Top of Exercise material

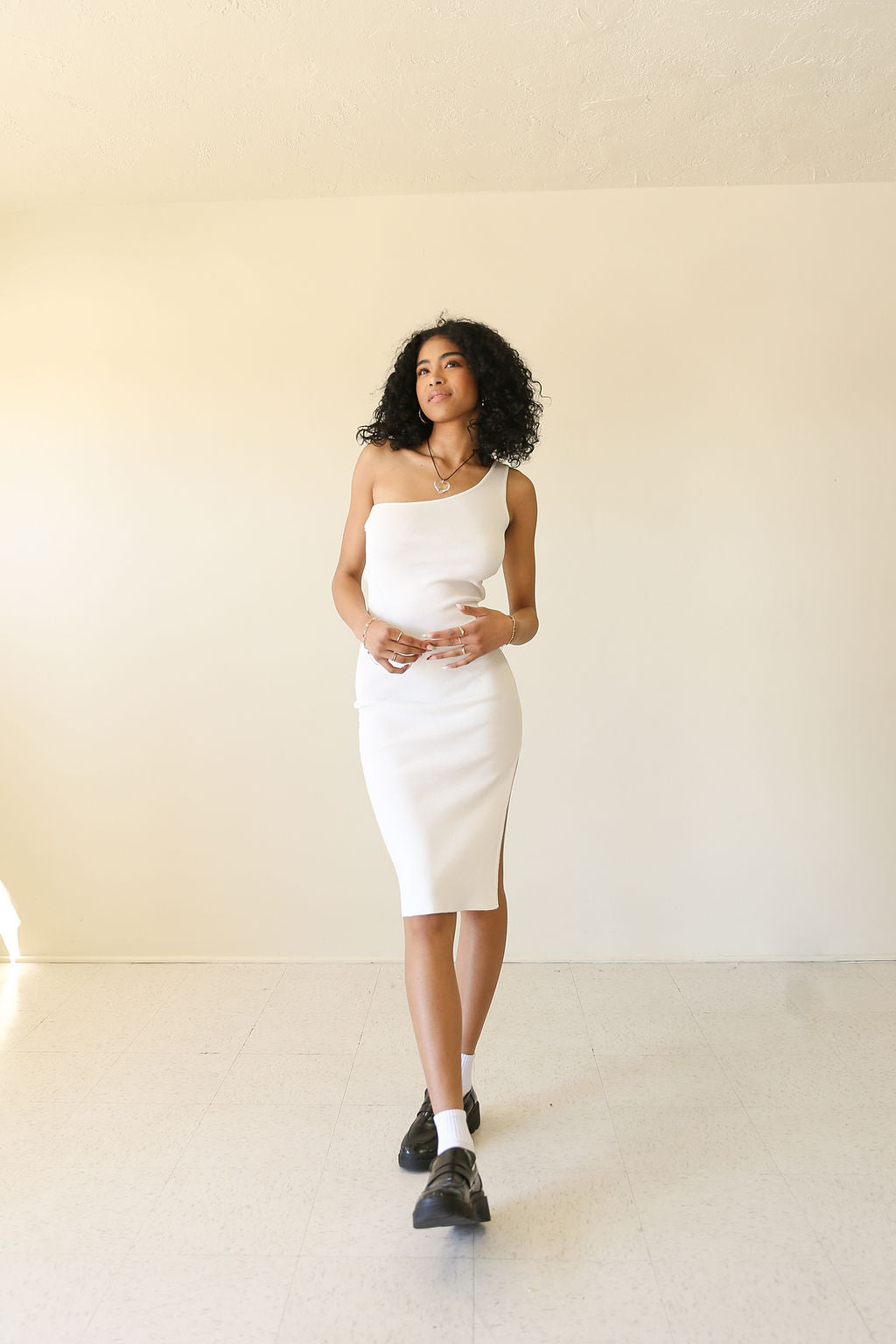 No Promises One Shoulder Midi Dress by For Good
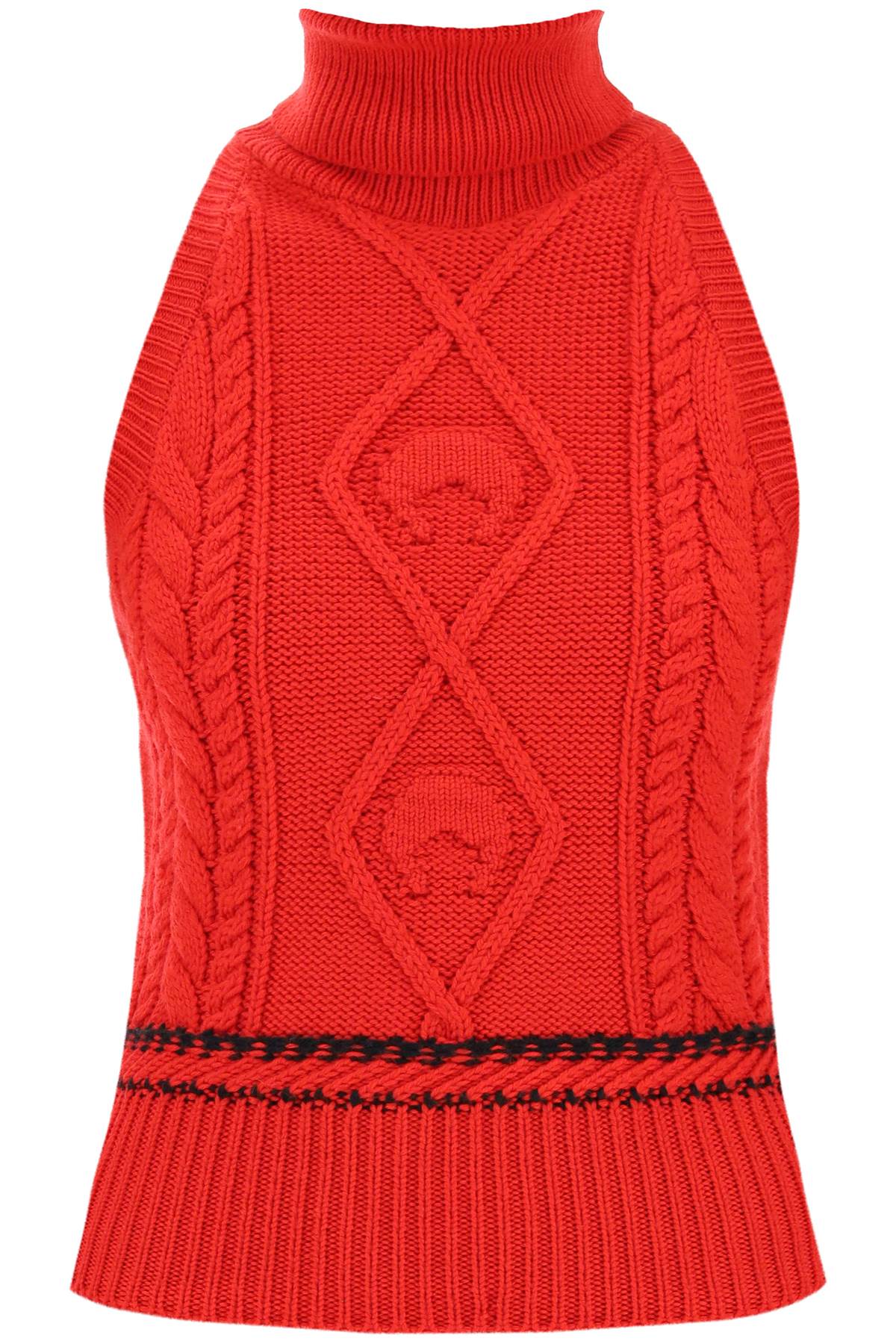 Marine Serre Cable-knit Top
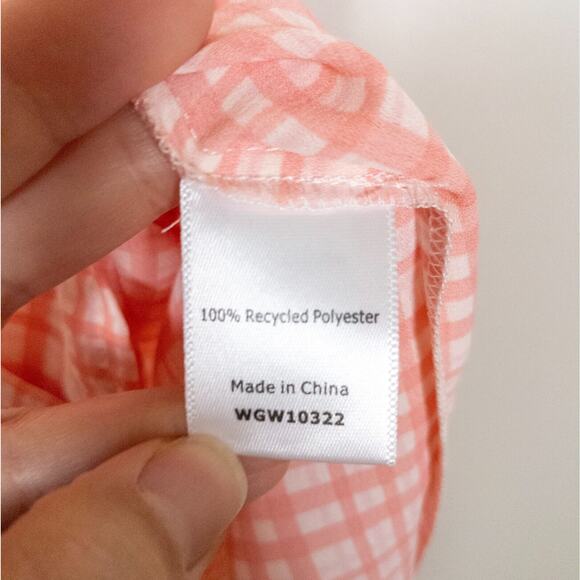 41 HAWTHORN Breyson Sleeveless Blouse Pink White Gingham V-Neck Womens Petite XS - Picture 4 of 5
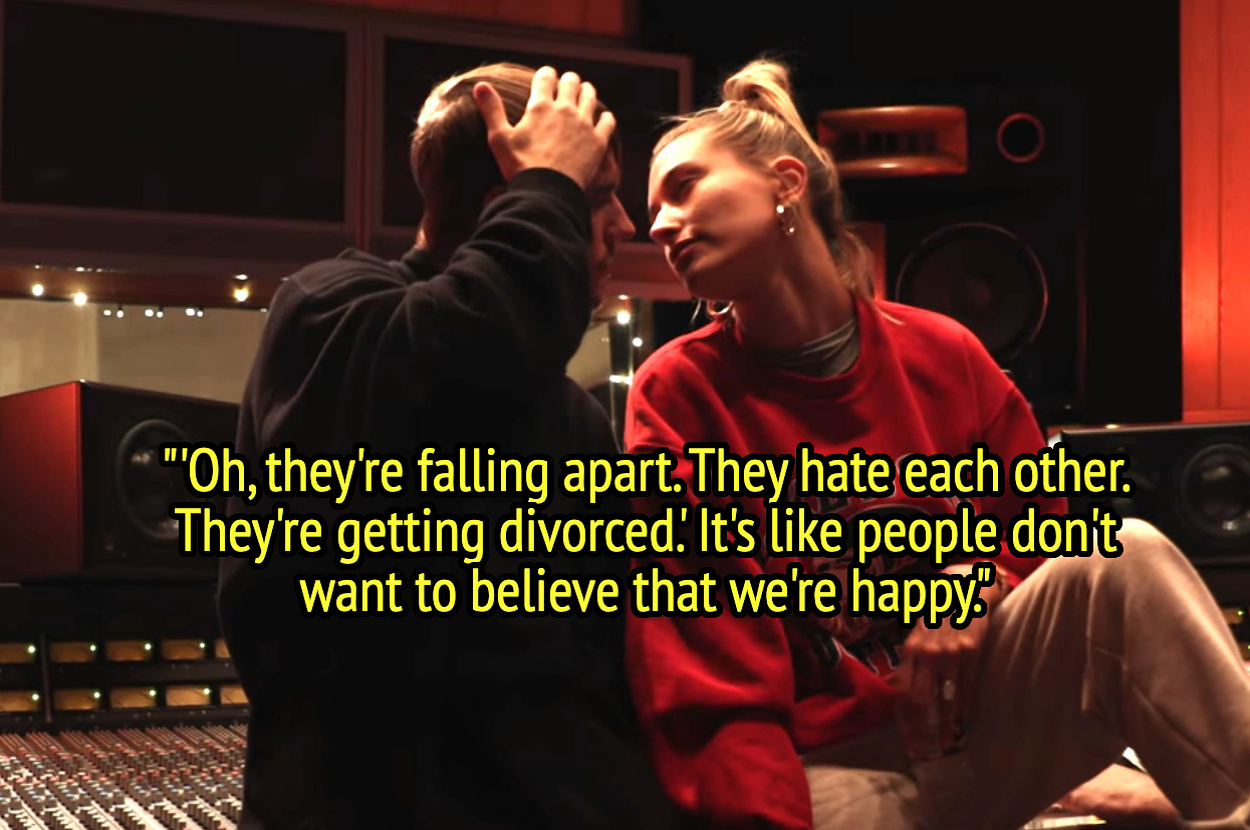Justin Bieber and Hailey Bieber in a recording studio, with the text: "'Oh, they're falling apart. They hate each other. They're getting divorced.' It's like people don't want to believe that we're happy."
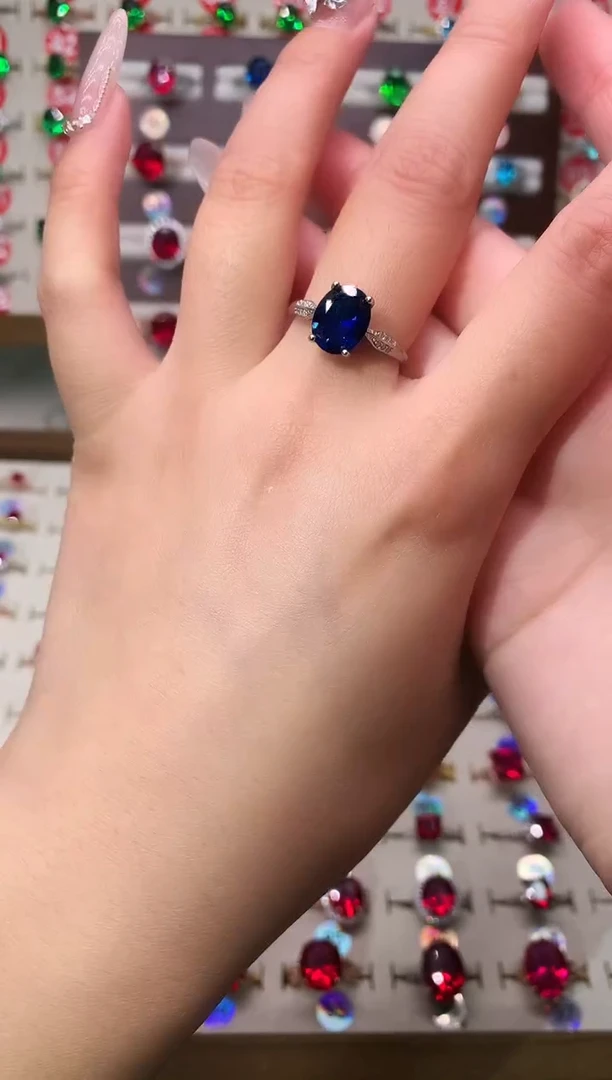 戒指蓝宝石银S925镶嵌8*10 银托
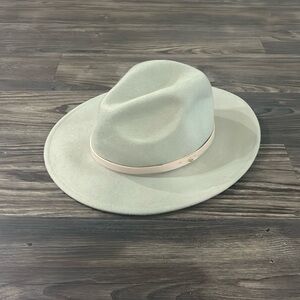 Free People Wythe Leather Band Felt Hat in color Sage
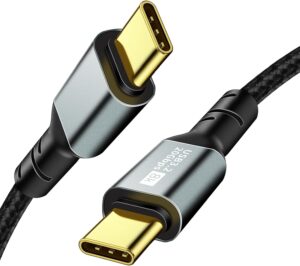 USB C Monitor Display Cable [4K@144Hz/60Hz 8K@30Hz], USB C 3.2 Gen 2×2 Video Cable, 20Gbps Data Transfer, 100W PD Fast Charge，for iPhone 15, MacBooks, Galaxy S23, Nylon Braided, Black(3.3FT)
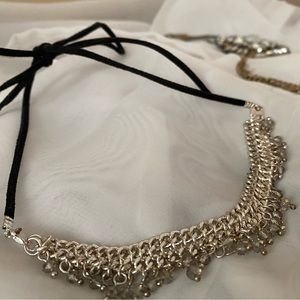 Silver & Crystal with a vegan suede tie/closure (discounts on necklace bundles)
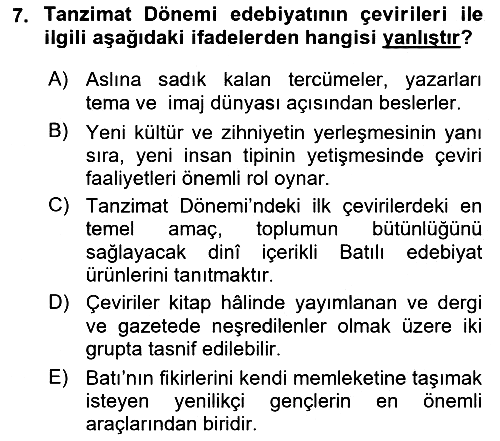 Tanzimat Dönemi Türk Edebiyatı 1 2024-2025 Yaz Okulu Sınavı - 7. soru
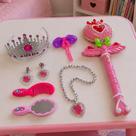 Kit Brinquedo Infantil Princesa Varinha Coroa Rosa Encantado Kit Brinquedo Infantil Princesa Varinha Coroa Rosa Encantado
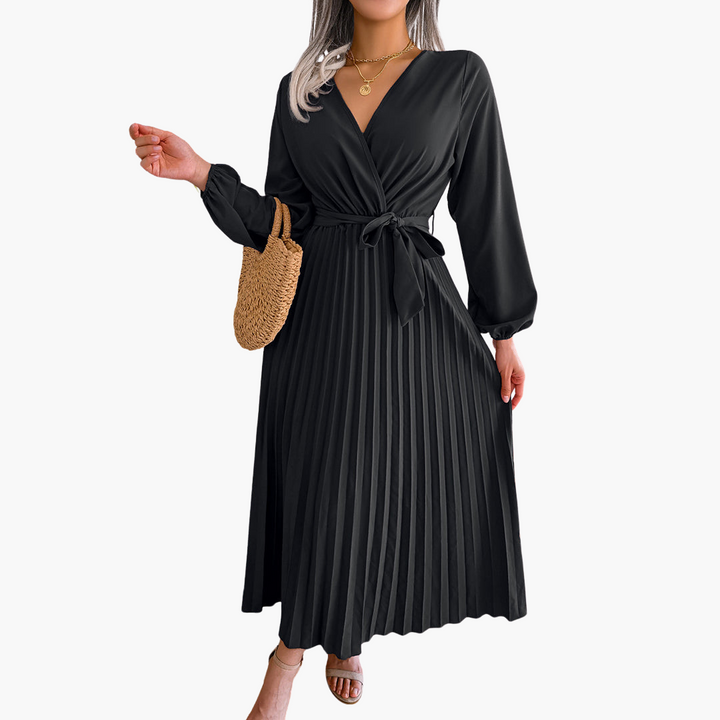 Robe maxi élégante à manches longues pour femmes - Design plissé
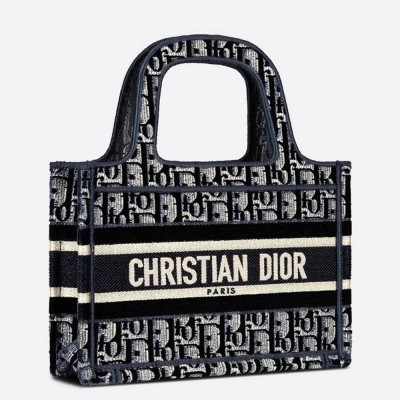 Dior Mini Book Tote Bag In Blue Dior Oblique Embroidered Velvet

Bottom of Exercise material

What is needed here is an exact copy of all the entries, without the pictures.

Result of the task
 No Promises One Shoulder Midi Dress by For Good
 Marine Serre Cable-knit Top
 41 HAWTHORN Breyson Sleeveless Blouse Pink White Gingham V-Neck Womens Petite XS - Picture 4 of 5
Justin Bieber and Hailey Bieber in a recording studio, with the text: "'Oh, they're falling apart. They hate each other. They're getting divorced.' It's like people don't want to believe that we're happy."
 戒指蓝宝石银S925镶嵌8*10 银托
 Free People Wythe Leather Band Felt Hat in color Sage
 USB C Monitor Display Cable [4K@144Hz/60Hz 8K@30Hz], USB C 3.2 Gen 2×2 Video Cable, 20Gbps Data Transfer, 100W PD Fast Charge，for iPhone 15, MacBooks, Galaxy S23, Nylon Braided, Black(3.3FT)
 Silver & Crystal with a vegan suede tie/closure (discounts on necklace bundles)
 Tanzimat Dönemi Türk Edebiyatı 1 2024-2025 Yaz Okulu Sınavı - 7. soru
 Kit Brinquedo Infantil Princesa Varinha Coroa Rosa Encantado Kit Brinquedo Infantil Princesa Varinha Coroa Rosa Encantado
 Robe maxi élégante à manches longues pour femmes - Design plissé
 Dior Mini Book Tote Bag In Blue Dior Oblique Embroidered Velvet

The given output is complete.